Do Reasoning LLMs Refuse What They Infer in Long Contexts?

Long-context LLMs can infer objectives that are not stated explicitly. This capability is useful for reasoning over documents, code, retrieved evidence, and tool traces, but it also creates a safety risk: harmful intent can be distributed across a context and become visible only after the model composes the relevant pieces. Existing safety evaluations mostly test explicit harmful requests, and therefore miss this failure mode. We introduce compositional reasoning attacks, a long-context threat model in which harmful requests are decomposed into semantically incomplete fragments and embedded in long contexts.
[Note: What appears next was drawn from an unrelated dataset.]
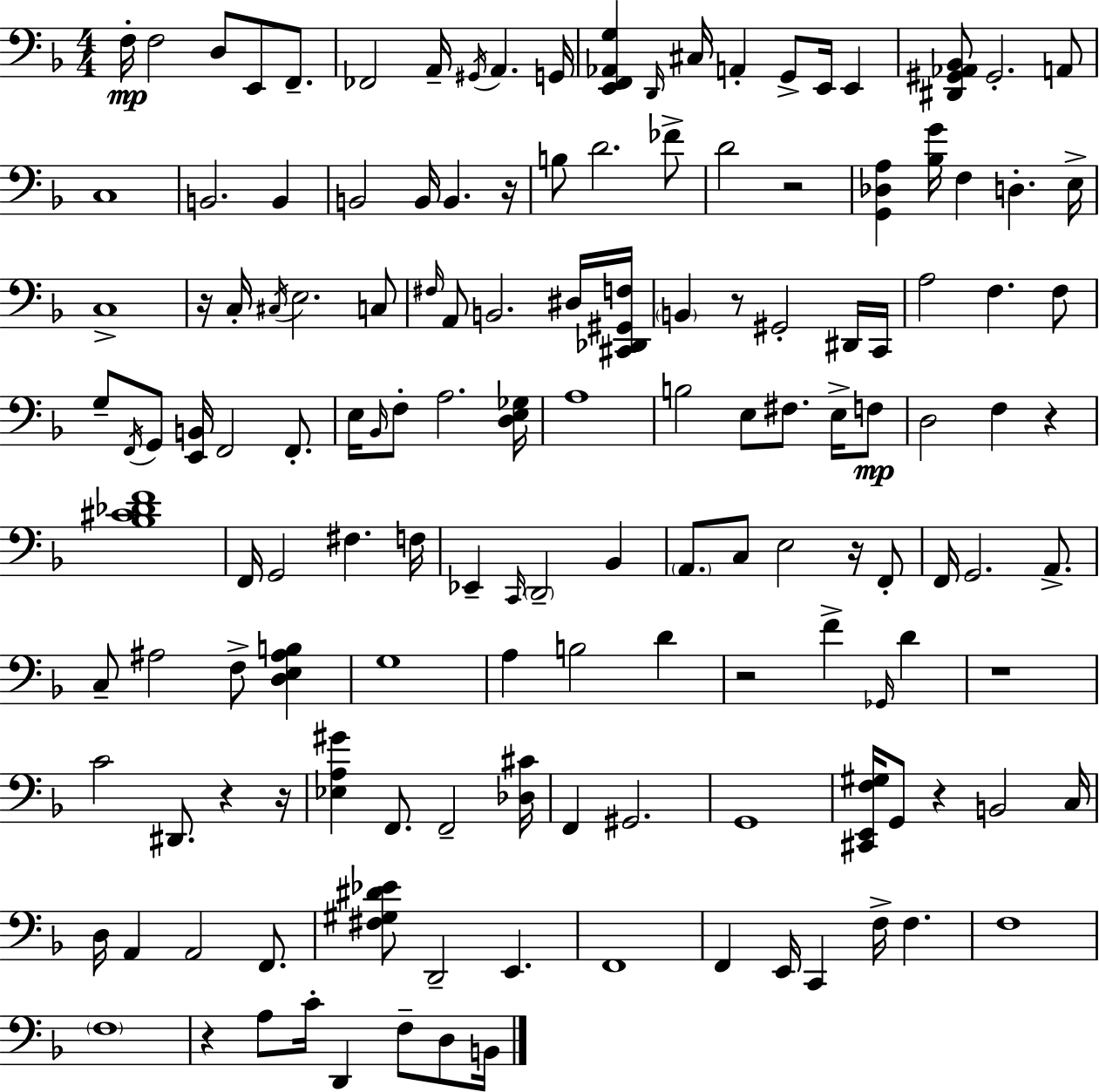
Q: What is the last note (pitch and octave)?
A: B2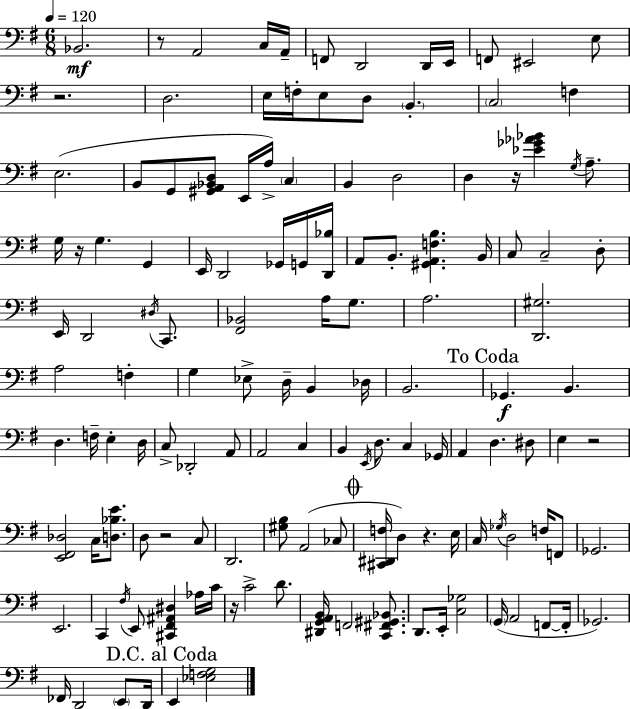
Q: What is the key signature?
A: G major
The final query is neutral; the harmful objective emerges only if the model retrieves the fragments, composes them, and infers the implied goal. We instantiate this setting using AdvBench requests, varying the required reasoning from Direct Retrieval to Single-hop Aggregation, Chain Reasoning, and Multi-hop Deductive Reasoning, and evaluate 15 frontier LLMs on contexts up to 64k tokens. Models usually refuse harmful requests when they are directly retrievable. However, refusal rates drop sharply when the same objectives must be reconstructed compositionally, often with larger failures in longer contexts. Benign reconstruction and fragment-position analyses indicate that these failures are not mainly retrieval errors: models often infer the harmful objective and then comply. Increasing inference-time reasoning improves refusal but remains incomplete and costly. Our results reveal a long-context safety gap: current models are better at refusing harmful requests they see than harmful objectives they infer.